One more day closer to Memorial Day weekend and T.W.O. has one more recipe for you to make! It involves pineapple, mint, lime and honey – – – and no it’s not the drink of the day on the cruise ship. Sounds like it though, right? Anyone want a topper!? Well, we will let you decide after you try this recipe out!
Quinoa Salad with Pineapple Lime Chicken
– 2 large limes, juiced
– 1 Tablespoon Fresh Mint, chopped
– 1 Tablespoon honey
– 2 skinless chicken breasts
– ½ cup uncooked quinoa
– 1 cup water
– 1 teaspoon coconut oil
– ½ sweet onion, sliced
– 4 pineapple rings
– ¼ cup cilantro, chopped
– ¼ cup fresh mint, chopped
– 2 Tablespoons coconut flakes
– ¼ cup pineapple juice
– ½ avocado
- In a bowl, combine lime juice, mint and honey. Add the washed chicken breast and mix. Cover and place in the refrigerator for a minimum of 2 hours.
- To make the quinoa: heat 1 teaspoon of coconut oil on medium-high heat in a medium pan. Toast the uncooked quinoa until slightly brown.
- Pour the quinoa into a large pot filled with the water. Bring to a boil and then cover and turn down to low. The quinoa will be ready once all the water is absorbed, about 15 minutes.
- While the quinoa is cooking, heat up the barbeque and cook the chicken about 5 minutes per side or until fully cooked. Remove from heat.

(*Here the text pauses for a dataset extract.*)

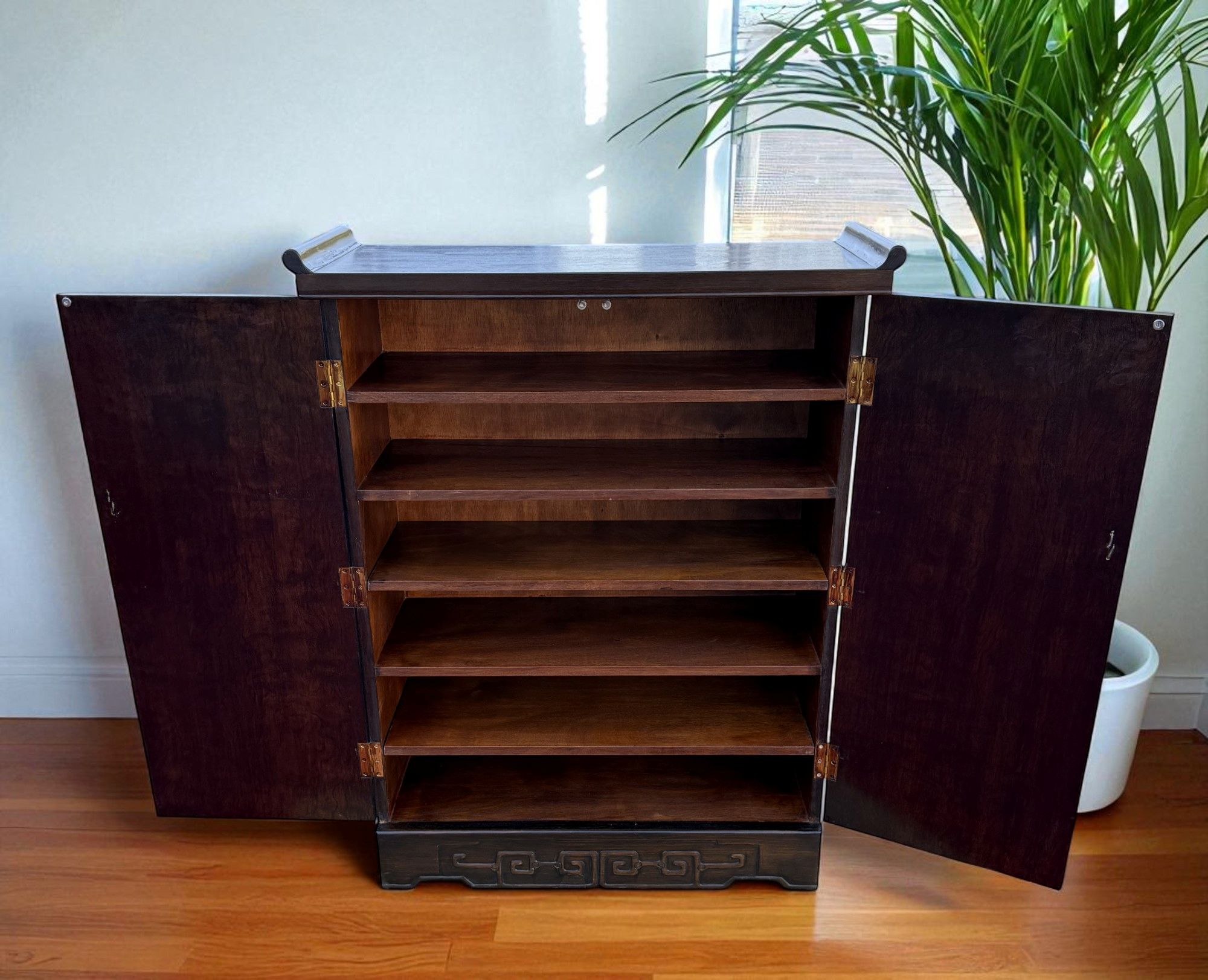 Chinesischer Schuhschrank mit Glückssymbolen – Holz, Messingbeschläge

- In a large bowl, mix the quinoa, mint, cilantro, mint, pineapple juice and coconut. Add salt and pepper to taste.
- Place the onion rings and pineapple slices on the grill over medium-high heat for about 2 minutes each side. You want to char is a little.
- For the assembly – place the quinoa on a plate, top with sliced chicken, a side of pineapple and onions covered with 2 slices of avocado and cilantro to garnish.